Newkirk v. Gross

203 Ill. App. 79 | Ill. App. Ct. | 1916

Mr. Justice Boggs

delivered the opinion of the court.

The record in this case discloses that on December 3, 1914, while appellant and appellee’s intestate were hunting near the home of appellee’s intestate, the gun of appellant was discharged and its contents took effect in the right limb of appellee’s intestate between the hip and the knee. The injury occurred about 2 p. m. in the afternoon, and at 8 p. m. in the evening death resulted therefrom. '

An action in trespass was instituted by appellee as administratrix of her husband’s estate in the Circuit Court of Clinton county against appellant resulting in a verdict and judgment of $1,900 against appellant, from which judgment he prosecutes this appeal.

It is first contended by appellant that the court erred in refusing to exclude the evidence and peremptorily instruct the jury to find him not guilty. Without going into a detailed consideration of the evidence in the record, it will be sufficient to say that taking the evidence with the proper inferences to be drawn therefrom it was sufficient to go to the jury and there was no error in the trial court refusing to give appellant’s peremptory instructions.

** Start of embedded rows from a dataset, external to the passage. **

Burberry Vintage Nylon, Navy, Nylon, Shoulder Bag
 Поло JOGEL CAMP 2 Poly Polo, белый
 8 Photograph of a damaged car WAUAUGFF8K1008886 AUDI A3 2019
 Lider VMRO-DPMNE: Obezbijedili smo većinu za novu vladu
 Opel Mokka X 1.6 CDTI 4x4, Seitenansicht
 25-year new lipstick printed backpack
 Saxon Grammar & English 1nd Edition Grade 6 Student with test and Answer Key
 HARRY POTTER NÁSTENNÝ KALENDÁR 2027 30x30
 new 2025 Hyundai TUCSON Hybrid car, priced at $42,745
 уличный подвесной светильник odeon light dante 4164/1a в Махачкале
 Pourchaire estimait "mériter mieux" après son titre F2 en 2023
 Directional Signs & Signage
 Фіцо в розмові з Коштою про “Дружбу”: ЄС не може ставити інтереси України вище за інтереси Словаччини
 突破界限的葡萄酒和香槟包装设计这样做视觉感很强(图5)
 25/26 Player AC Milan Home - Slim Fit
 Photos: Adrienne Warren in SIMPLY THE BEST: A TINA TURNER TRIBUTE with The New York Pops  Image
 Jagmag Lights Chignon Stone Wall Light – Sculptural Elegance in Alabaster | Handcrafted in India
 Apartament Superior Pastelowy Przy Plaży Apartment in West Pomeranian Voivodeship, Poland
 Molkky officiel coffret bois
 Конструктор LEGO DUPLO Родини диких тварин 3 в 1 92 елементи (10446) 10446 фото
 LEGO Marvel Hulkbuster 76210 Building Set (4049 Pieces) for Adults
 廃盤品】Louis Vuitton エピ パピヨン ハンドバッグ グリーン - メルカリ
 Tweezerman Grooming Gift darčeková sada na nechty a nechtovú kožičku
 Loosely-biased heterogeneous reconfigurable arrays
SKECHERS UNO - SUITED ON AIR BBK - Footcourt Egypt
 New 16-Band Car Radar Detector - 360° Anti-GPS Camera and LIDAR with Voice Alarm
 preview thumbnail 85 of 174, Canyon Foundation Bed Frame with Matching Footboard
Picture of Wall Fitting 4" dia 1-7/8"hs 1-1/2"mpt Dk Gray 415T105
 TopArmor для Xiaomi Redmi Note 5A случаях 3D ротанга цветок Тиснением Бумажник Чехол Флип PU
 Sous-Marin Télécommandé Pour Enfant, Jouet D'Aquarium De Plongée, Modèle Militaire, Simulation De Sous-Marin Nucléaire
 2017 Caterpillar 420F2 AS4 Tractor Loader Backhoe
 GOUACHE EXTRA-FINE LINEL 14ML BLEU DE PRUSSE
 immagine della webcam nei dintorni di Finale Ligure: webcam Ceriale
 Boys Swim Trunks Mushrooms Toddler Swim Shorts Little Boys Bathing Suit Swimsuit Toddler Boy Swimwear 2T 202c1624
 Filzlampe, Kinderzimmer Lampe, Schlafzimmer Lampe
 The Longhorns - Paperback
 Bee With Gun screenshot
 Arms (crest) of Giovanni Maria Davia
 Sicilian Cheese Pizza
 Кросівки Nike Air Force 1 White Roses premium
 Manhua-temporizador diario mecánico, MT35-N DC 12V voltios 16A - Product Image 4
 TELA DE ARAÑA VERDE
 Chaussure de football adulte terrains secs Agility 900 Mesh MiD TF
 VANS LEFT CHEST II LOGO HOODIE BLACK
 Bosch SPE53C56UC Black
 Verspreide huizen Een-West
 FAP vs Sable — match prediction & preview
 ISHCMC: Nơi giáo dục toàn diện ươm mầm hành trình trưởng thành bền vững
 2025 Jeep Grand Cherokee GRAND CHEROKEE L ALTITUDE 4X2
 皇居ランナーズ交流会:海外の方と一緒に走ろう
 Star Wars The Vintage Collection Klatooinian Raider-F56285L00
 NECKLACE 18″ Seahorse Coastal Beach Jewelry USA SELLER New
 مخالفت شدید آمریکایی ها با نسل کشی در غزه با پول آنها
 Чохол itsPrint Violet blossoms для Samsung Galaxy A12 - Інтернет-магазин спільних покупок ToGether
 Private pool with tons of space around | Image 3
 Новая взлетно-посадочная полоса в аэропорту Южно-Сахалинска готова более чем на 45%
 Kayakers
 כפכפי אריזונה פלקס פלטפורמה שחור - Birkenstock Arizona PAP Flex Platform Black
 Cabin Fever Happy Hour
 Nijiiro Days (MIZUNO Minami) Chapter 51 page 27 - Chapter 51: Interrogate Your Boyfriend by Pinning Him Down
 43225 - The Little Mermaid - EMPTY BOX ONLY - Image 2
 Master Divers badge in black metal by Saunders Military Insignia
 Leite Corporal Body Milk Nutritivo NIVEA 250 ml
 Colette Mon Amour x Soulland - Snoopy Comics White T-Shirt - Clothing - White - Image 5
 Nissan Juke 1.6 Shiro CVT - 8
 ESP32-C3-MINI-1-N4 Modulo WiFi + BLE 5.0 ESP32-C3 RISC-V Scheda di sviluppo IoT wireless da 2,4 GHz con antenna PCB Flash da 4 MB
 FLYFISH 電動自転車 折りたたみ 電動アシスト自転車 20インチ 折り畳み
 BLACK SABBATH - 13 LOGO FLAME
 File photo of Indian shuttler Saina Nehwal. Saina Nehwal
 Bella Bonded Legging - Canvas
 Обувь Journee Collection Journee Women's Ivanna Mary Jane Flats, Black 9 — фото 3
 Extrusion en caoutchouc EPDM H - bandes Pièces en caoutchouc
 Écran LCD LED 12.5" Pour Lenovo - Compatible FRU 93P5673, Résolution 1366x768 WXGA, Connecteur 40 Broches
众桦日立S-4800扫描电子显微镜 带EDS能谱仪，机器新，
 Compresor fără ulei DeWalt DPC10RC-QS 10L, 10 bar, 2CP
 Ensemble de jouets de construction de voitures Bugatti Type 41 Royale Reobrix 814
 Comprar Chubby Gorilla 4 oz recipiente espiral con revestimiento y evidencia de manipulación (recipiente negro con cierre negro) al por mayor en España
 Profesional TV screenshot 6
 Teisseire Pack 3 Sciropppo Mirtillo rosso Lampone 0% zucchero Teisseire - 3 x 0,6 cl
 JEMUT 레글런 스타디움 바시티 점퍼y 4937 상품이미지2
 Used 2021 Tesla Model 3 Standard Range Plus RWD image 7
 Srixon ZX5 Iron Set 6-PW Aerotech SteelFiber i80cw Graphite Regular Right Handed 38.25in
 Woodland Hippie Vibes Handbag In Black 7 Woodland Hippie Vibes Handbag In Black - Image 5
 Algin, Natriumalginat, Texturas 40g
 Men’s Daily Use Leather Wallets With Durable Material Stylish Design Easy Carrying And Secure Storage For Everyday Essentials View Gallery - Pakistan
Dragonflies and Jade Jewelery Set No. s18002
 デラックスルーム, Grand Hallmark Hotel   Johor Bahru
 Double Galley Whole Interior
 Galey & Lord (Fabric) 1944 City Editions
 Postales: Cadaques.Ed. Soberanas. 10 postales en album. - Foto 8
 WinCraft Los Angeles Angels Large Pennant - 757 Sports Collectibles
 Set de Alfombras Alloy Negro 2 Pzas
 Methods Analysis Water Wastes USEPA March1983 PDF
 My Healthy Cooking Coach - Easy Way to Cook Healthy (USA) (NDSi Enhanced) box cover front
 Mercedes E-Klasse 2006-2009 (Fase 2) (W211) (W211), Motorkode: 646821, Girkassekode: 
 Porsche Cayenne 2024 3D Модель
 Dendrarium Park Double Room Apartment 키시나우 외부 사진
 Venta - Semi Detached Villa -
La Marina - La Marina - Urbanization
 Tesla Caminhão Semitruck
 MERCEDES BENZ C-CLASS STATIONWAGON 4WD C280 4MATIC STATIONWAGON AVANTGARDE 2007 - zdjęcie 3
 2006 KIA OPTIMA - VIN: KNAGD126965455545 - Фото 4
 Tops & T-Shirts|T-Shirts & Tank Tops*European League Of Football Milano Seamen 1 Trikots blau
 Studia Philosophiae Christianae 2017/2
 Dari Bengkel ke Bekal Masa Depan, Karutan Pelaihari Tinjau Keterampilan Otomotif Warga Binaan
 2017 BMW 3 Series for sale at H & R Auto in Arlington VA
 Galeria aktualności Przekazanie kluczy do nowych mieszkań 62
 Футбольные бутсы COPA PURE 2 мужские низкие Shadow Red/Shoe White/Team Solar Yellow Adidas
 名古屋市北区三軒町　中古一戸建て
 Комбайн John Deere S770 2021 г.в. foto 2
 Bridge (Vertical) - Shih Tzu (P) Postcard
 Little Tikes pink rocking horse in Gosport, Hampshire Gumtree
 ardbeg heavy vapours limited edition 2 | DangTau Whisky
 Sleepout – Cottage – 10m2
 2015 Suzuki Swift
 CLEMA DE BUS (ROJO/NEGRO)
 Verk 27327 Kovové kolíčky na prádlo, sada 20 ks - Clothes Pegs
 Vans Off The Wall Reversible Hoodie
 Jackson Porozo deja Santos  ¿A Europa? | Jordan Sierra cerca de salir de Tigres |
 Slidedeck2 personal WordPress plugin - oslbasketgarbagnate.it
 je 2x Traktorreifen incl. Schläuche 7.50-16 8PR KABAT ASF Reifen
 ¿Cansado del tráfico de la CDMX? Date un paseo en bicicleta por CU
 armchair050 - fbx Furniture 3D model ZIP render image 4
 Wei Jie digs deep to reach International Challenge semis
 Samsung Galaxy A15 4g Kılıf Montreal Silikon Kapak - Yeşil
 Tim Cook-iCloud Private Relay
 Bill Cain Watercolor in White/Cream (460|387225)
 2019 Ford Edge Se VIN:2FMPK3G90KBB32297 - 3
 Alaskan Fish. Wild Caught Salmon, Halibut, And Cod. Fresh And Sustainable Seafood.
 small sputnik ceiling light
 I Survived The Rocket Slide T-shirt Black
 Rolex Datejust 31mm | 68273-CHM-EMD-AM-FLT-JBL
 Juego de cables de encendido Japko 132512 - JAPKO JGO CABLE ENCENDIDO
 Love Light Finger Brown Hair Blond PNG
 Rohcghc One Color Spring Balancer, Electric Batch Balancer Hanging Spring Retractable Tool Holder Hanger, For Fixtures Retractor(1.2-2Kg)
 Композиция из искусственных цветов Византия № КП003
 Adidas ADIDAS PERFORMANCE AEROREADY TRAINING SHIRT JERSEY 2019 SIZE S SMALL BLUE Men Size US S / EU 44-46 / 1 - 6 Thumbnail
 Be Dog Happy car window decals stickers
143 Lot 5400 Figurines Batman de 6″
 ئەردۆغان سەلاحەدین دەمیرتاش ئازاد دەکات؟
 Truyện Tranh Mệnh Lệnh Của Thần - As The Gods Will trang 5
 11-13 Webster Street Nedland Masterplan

It is next insisted by appellant that the trial court erred in giving the second and third instructions given on behalf of appellee. Instruction No. 2 is as follows: “The court instructs the jury that if you believe from a preponderance of the evidence in this case that the deceased, Frank P. Newkirk, while he was using ordinary care for his own safety, was wounded as the result of the discharge of a gun which was in the control of the defendant, Albert F. Gross, at or immediately before the time of said shooting, then it is not essential for the plaintiff to- prove in order to recover in this case that the shooting of her husband was done wil‘fully or intentionally by the said Albert F. Gross.” The complaint made as to this instruction is that the court erred in instructing the jury that it was not necessary for appellee to recover in this case to prove “that the shooting of her husband was done wilfully or intentionally by the said Albert F. Gross.” We do not understand from the argument of appellant’s counsel that this instruction does not state a correct principle of law, but it is argued that as no question was made that the shooting was intentional or wilful, an instruction in regard thereto would tend to mislead the jury as to the issues involved. While the giving of thi " instruction may have been unnecessary in this case, the giving of the same was certainly not such error as to require a reversal of the judgment on that account.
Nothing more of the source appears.